時間は、夜明けから日暮れまでの昼、日暮れから夜明けまでの夜を各々6等分、つまり一日を12分割した一つを「刻」とし、子、丑、寅...と十二支の名で割り振っていました。
当然、昼と夜では一刻の長さは違いますし、季節を通じても昼夜の長さは違いますから、当時は時間とは一定の長さではなく、季節に応じて変化するものだったのです。
当時、日本にあった和時計も、この時法(不定時法)を採用していました。戦国時代にヨーロッパからもたらされた機械式時計を日本独自に改良したものです。もちろん、大変に高価で、一部の大名や豪商のみが愛蔵した贅沢品でした。

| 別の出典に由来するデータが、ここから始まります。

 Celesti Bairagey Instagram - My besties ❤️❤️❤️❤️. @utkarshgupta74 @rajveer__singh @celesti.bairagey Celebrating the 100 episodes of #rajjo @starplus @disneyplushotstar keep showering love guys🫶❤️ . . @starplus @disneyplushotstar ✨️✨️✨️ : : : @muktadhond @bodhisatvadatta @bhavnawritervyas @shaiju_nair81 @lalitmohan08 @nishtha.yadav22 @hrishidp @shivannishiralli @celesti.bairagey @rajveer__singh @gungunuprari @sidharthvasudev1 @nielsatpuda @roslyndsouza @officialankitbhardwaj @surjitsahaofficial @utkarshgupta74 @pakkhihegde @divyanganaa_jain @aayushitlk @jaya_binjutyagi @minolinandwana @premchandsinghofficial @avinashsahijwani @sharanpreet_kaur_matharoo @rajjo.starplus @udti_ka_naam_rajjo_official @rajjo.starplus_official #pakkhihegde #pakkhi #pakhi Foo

この『江戸之刻』は、今なおコレクターにとって高い人気を誇る、その和時計を現代に甦らせたものです。
12時間で一周する時計に、12種類の着脱可能な干支リングを用いて、不定時法をリアルに再現できるようにしています。月に一度、「子、丑、寅...」と記されたリングを取り替え、変化する時間を調整します。(十二支不定時刻簡易表示方式として特許出願済み)
干支リングの黒い部分は夜を、白い部分は昼を表します。十二支での呼び方に加え、鐘の打ち数も表示されているので、「卯の刻、明け六つ」など、江戸の時刻が即座に分かります。
もちろん、時計本体の文字盤には、現代の時間目盛もあるので、今風の時間も分かるように作られています。